Tudo que precisará ser feito é preencher a GPS escolhendo um tipo de código do contribuinte facultativo.

Pagamento mensal ou trimestral Existem duas alternativas de recolhimento da colaboração: a mensal e a trimestral. 

O recolhimento mensal deve ser feito, no máximo, até o dia 15 do mês seguinte ao referente da contribuição. 

Ou seja, o pagamento de agosto, por exemplo, deve ser efetuado até o 15 de setembro.

Para quem desejar contribuir menos vezes durante o ano, existe também a opção do pagamento trimestral.

O valor da contribuição nesse tipo de recolhimento é o salário mínimo multiplicado por três, multiplicado pela alíquota correspondente à atual situação.

O pagamento deve ser realizado entre o dia 1º e o dia 15 do mês seguinte ao fim do trimestre. 

Assim, o correspondente ao 1º trimestre, de janeiro a março deve ser pago entre dia 1º e dia 15 de abril.

O INSS autônomo é importante para você estar infalivelmente regularizado e se precisar de qualquer tipo de auxílio poderá contar com os benefícios do governo, por isso se quiser ajuda profissional para fazer de forma correta, entre em contato com nossa equipe de especialistas.

Dica Extra do Jornal Contábil: Compreenda e realize os procedimentos do INSS para usufruir dos benefícios da previdência social. 

Já pensou você saber tudo sobre o INSS desde os afastamentos até a solicitação da aposentadoria, e o melhor, tudo isso em apenas um final de semana?

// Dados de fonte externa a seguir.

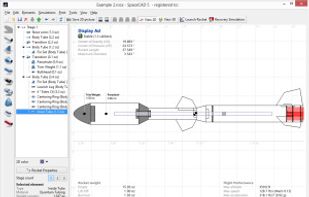 SpaceCAD screenshot 1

Uma alternativa rápida e eficaz é o curso INSS na prática

Trata-se de um curso rápido, porém completo e detalhado com tudo que você precisa saber para dominar as regras do INSS, procedimentos e normas de como levantar informações e solicitar benefícios para você ou qualquer pessoa que precise. 

Não perca tempo, clique aqui e domine tudo sobre o INSS.